The construction guys who are building the road tried to shoo me out of the area because they're still blasting. They were really nice about it - too nice, actually - and agreed I could hike around some more as long as I was off the mountain by 3:30. I really pushed my timetable by taking a meandering route up the bowl and starting the climb toward the ridge. By the time I looked at my watch, I realized I only had about 20 minutes to get down what took me 40 minutes to climb up. The terrain was so slippery with mud, runoff and wet groundcover that I could hardly stay on my feet walking down. Finally, I just sat on my butt, pushed off a rock, and slid. You know how mountaineers sometimes glissade down snowfields? Yeah, imagine doing that during the summer. I hit a small rock and it didn't even slow me down. Now I have a bruise in the area where I sit on my bike saddle - but I did make it back to the road by 3:30. There was a construction guy parked at my bike, waiting for me. I felt horrible - and apologized profusely for wasting his time. I was never anywhere near the blast zone. You'd think they were about to blow up the whole mountain ... but I can understand why they have to be careful. (And they should probably just close the whole area off. I won't go back up there again while they're working.)
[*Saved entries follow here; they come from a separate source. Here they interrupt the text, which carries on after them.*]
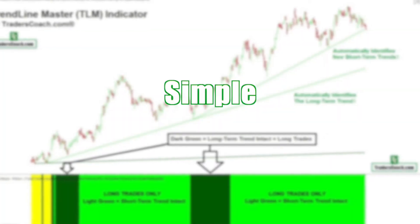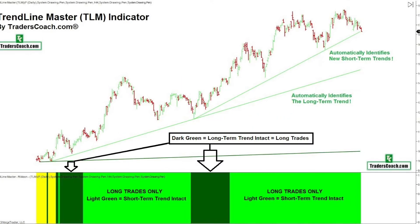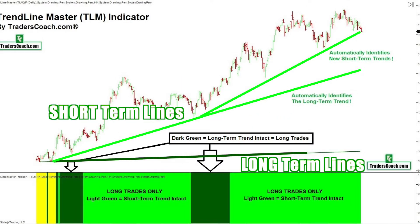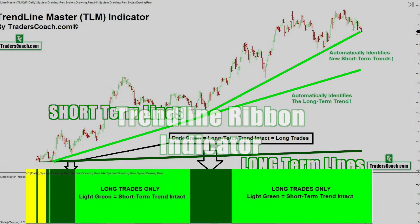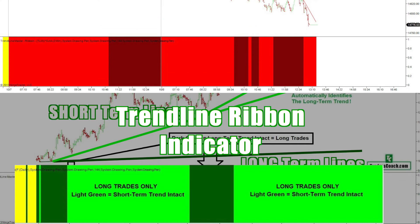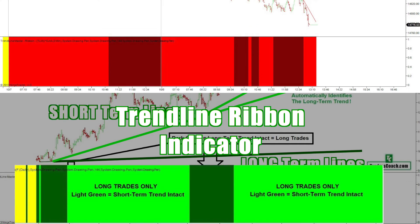The Trendline Master is simple and powerful. Trendlines are divided into light green short-term lines and dark green long-term lines, which are accompanied by the Trendline ribbon indicator at the bottom of your chart in various shades of red, yellow, and green so that you can quickly see the current active trend at a glance.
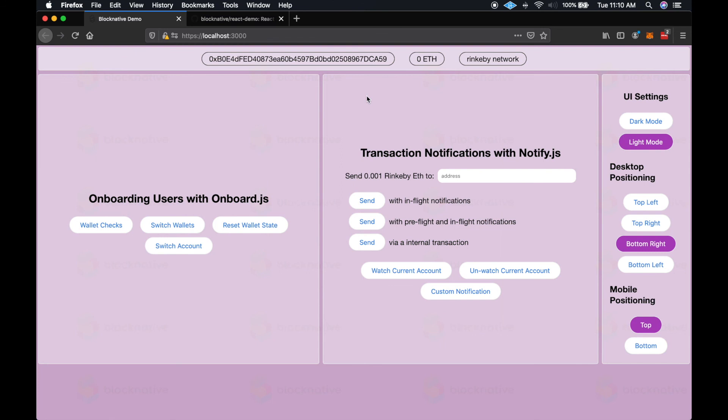So that's how you can easily add hardware wallet support with custom derivation paths to your app with BlockNative's OnboardJS.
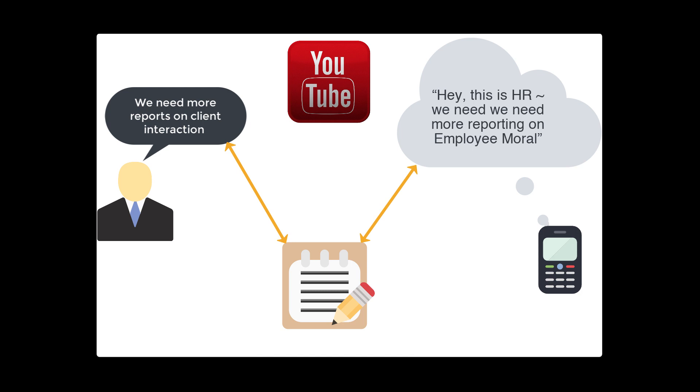That's it on the single responsibility principle. Hope that helped out. If this was helpful, like and subscribe. And next we will get on to the open-closed principle.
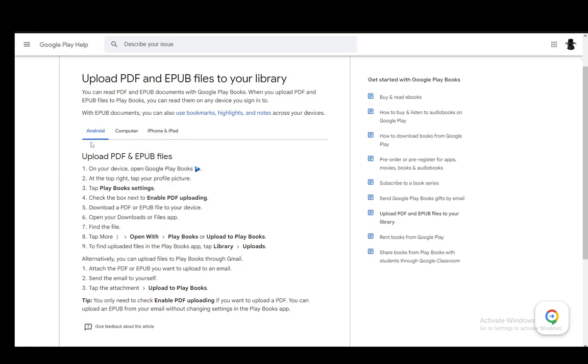Firstly, for Android, what you need to do is go to your device and open up Google Play Books, then tap on your profile picture on the right and then go to Play Books settings, and then you want to check the box next to Enable PDF Uploading.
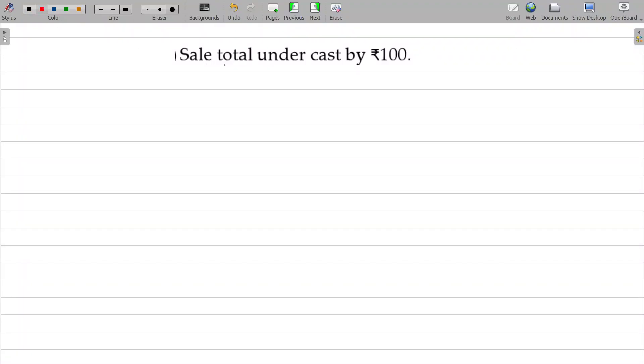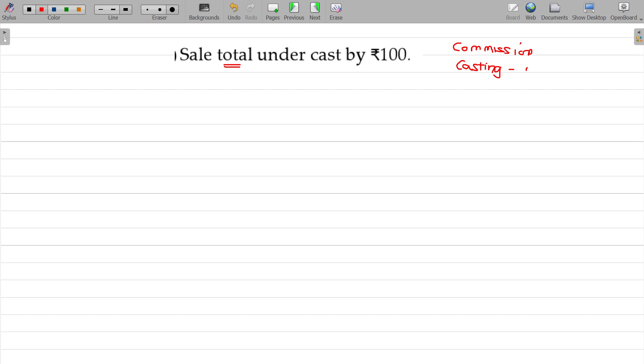Sale total undercast by 100. It is what type of error? Error of commission and casting error, casting undercasting, totaling error undercasting, error of commission.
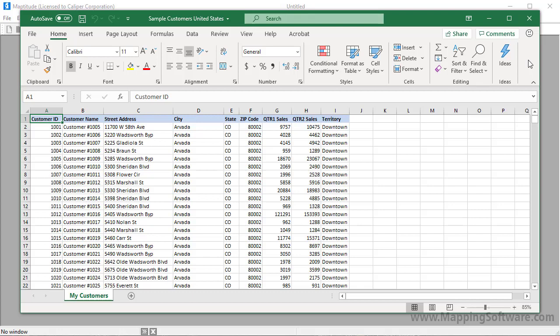One of the most common things that you will want to do with Maptitude is create a map using your data. Whether you store your data in Microsoft Excel, Access, SQL Server, or any ODBC-compliant data source, Maptitude can work with your data.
It was a good day exploring. But, yeah ... I'm about ready for winter.


  1. you could probably ride from sedona to phoenix if you made up your mind :) now i wish i could do that- i would get to see my godson more often. i have yet to go more than 22mi on a bike....let alone 220+mi.
    Thanks for the visit to my blog :)

  2. I must have frostbit my brain last winter as I'm looking forward to the cold season as well.


  3. change of season is always good. it just doesn't change back fast enough.
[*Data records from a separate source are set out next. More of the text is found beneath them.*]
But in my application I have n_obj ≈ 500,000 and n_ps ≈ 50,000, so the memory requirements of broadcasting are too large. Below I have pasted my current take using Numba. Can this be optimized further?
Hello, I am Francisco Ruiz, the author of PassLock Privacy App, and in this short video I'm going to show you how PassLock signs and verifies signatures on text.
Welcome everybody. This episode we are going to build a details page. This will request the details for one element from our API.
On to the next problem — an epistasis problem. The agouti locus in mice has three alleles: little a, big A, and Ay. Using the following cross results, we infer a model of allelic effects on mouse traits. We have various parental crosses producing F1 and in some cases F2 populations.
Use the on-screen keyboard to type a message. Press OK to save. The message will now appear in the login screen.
  4. Nice Poncho. Any drier than "waterproof" jackets?

  5. Thank you for the post! Very inspiring. It made me want to dust off the bike tomorrow. Maybe I will!

  6. Jill,

    I was going to comment on your coat as well. I saw you in Juneau and Douglas a couple of times when I was working in the field with it on. What brand is it and do you like it?

    Homer sucks right now. Well, not really, but the rain does. It's just as bad as it was in the Southeast, maybe worse because it's not supposed to be this bad. Did you know it never made it to 70 here this summer. I bet Juneau even broke that this summer. I saw a position open in either the news or the tribune the other day and I thought of you. Also, this other newspaper company in Anchorage, not ADN is hiring as well. In Anchorage that is, they publish a lot of the smaller papers, they do the dutch fishermen one. Let me know if you want me to send you the links to the jobs or not.

    Hope you are well.


  7. For the record, that's not a poncho. It's a PVC jacket. I think it's a Salsa jacket. And I'm a big fan. It actually is drier (and cheaper and more durable) than all of my other jackets. Although sometimes I misjudge the weather, and if it doesn't rain on me, my torso gets soaked because I sweat so much. If it does rain, the wet cold results in me sweating less, so I usually stay more dry. During this ride, I was out riding and hiking for more than four hours in continuous rain. When I came home, the front and back of my shirt were the only things that stayed dry. (Sleeves got soaked from road spray coming in through the vents.) Yeah for PVC.

    Kate! Nice to hear from you. I was just about to write you an e-mail. I got your nice card. I believe Juneau broke 70 three times this summer. Maybe even four. Although we had a terrible summer just like everyone else in Southcentral. In fact, temperature for temperature and drop for drop, it was actually much worse. It just feels more "normal" when you're in Juneau.

    Hope things improve! Fall's not good for anyone in these parts. Just sit back and wait for the wonders of winter! (And I am serious about that. Winter's great.)

    I'm not job hunting yet. But thanks for the info.

  8. you might really like this blog...another really good blog that i love reading.

  9. Hi Jill --

    Are you actually tired of Summer?